When the New York Board of Education dropped Huckleberry Finn from the list of approved textbooks for elementary and junior high school it deprived thousands of children of a chance to read one of the finest books ever written in this country and an all-time childhood classic. More important, it is an unfortunate example in minority censorship. The step, like the earlier panning of authors suspected of a pink tinge, represents a movement away from thoughtful and provocative education and toward an insipid parochialism in the public schools.

The claim by a Negro spokesman that the book is "racially offensive" shows a reading in which the racial sensitvity was sharper than the wits. For if there are some "passages derogatory to Negroes" (largely because the vernacular used has since changed in shade of meaning) the total drama shows the dignity and worth of "nigger Jim." Indeed, Huck's own moral growth is a function of his affection and respect for Jim. Other whites show badly in comparison as Jim teaches Huck not mere tolerance, but love. That the process is slow and painful and that it takes place in a still-enslaved South provide a realism which enhances the educational value of the book as a humane document.
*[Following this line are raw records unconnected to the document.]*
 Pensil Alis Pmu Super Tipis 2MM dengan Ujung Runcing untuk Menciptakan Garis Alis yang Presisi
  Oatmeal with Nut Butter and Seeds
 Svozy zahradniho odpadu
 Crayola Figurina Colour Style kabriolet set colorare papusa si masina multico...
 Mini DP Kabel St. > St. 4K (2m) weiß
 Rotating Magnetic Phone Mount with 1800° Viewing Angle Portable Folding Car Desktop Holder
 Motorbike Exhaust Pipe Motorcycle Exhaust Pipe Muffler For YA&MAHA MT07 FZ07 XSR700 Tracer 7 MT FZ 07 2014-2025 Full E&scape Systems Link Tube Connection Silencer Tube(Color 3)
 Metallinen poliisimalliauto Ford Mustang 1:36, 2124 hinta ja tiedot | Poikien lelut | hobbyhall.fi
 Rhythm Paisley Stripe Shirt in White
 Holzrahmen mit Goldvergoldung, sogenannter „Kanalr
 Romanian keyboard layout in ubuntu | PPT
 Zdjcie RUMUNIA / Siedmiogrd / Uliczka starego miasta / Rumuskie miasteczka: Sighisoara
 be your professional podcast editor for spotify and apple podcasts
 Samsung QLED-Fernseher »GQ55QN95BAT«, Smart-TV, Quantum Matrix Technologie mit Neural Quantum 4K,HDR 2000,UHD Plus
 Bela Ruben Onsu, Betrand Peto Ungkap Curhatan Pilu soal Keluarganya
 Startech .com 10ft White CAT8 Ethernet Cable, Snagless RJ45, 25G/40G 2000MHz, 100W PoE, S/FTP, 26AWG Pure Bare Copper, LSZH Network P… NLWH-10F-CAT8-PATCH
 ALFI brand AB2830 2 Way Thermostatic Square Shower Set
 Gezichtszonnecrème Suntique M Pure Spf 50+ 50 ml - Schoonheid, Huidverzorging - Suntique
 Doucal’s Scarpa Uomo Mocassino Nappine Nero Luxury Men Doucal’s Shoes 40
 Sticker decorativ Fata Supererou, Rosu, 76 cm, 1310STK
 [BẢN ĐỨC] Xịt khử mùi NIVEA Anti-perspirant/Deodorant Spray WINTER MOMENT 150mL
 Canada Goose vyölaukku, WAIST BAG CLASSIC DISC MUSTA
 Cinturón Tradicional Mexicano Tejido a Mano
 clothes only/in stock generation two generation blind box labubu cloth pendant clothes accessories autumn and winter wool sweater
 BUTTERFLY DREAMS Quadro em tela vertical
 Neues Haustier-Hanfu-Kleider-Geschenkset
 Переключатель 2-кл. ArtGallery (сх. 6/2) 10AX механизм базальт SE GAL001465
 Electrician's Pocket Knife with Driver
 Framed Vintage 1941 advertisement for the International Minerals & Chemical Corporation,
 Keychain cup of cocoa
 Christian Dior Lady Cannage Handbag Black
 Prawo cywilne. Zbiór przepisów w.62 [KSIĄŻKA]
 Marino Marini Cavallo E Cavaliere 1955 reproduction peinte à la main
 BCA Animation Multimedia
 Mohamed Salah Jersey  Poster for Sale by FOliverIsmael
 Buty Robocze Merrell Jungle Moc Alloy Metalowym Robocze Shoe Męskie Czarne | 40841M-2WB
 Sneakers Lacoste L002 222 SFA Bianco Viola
However, when the book was dropped, educational values were partially forgotten. While direct protest did not cause the board's action publishers learned that bowdlerized editions still hurt too many feelings. The crux of the matter is that, while education should try to give some emotional security, its primary object is development of the free mind. Since Huckleberry Finn serves that object well, ignorance is a high price for protecting feelings which, if aided by mature understanding, would not be hurt anyway.

Furthermore the principle of minority censorship points dangerously toward cultural sterility. Much of art depicts and grows out of conflict. The artist formulates and may attempt some resolution of worldly conflicts; he does not cause them.

Huckleberry Finn is not a Ku Klux Klan pamphlet. To drop this book from the textbook list is a shortsighted educational policy. Surely this acknowledged classic presents life in terms universal enough to out-weigh its incidental provincial slants. Let the latter be considered in historical terms and not taken as a contemporary affront.